We look at comic book films in a different way now. Heath Ledger winning the posthumous supporting actor Oscar for his role as The Joker was a big thing, especially for how ‘seriously’ people started taking superheroes. The relationship that critics have with audiences, while it does vary, serves a purpose – if something is getting five stars in every major news outlet and the film is accessible, there is an audience for it.
Independent cinema, though more critically regarded at times, suffers from the fact that, unless the film is being touted for award success, not many people will get to watch smaller budgeted films due to marketing. Big movies don’t have that issue and because of that, word gets around quicker and the hype is built up from both reviewers, online and off, and film watchers. We’re living in a new era of the blockbuster. The ‘80s had John MccLain screaming, “Yippee ki-yay, motherfucker” and we have Batman, flying over the streets of Gotham and beating the hell out of people. Girls went to see Die Hard, too, just like they did with The Dark Knight.

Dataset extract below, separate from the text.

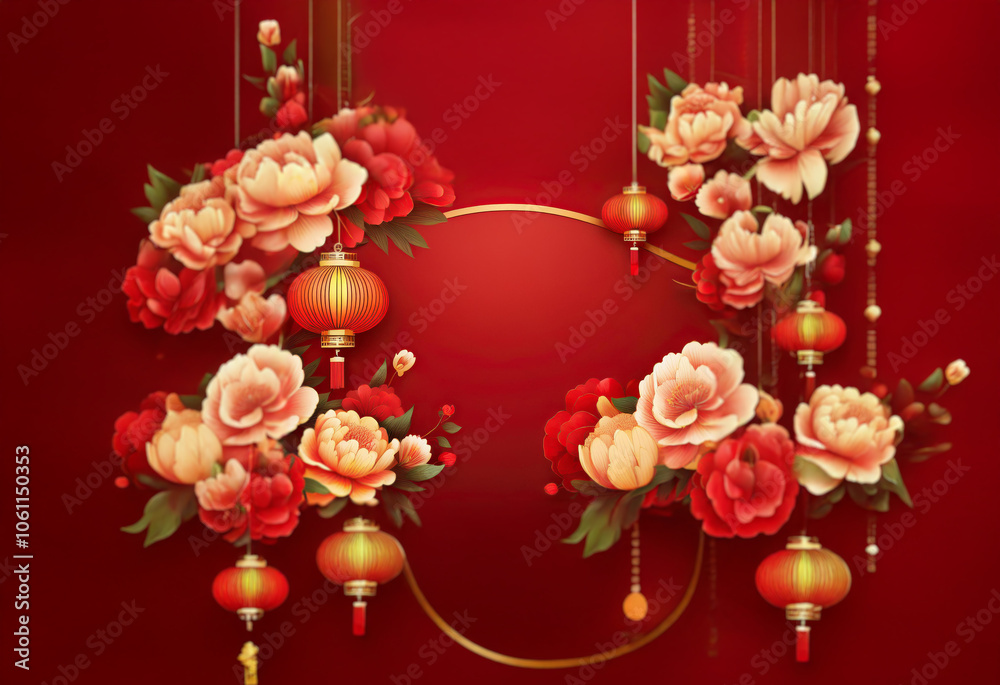 Red and gold Chinese lanterns and delicate flowers hang from strings against a vibrant red background with a gold circle in the center. Red and gold Chinese lanterns and delicate flowers hang from strings against a vibrant red background with a gold circle in the center.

Comic book adaptations, particularly the MCU, have given a breadth of access to all these great characters and worlds that wouldn’t have been known to most male or female audiences. While there is the danger of an arc being tampered with, or a costume design change, it is a different interpretation of franchises that have gone through so many alterations already (I mean, this is Marvel we’re talking about). Why is it such an odd thing to imagine that this can be something both men and women enjoy? Mainstream, though it can have its downfalls, doesn’t make something automatically bad. And though the comic community has its issues with exclusivity, especially among females, that doesn’t mean we have to continue catering to the idea that a 16-year-old boy is the only market for blockbuster comic book movies.
So, no, Zoe – you don’t need the approval of teenage boys, especially on how attractive you are. Oh, and what you said about having sex appeal for the teen male vote? Trust me; you’re totally better off without them.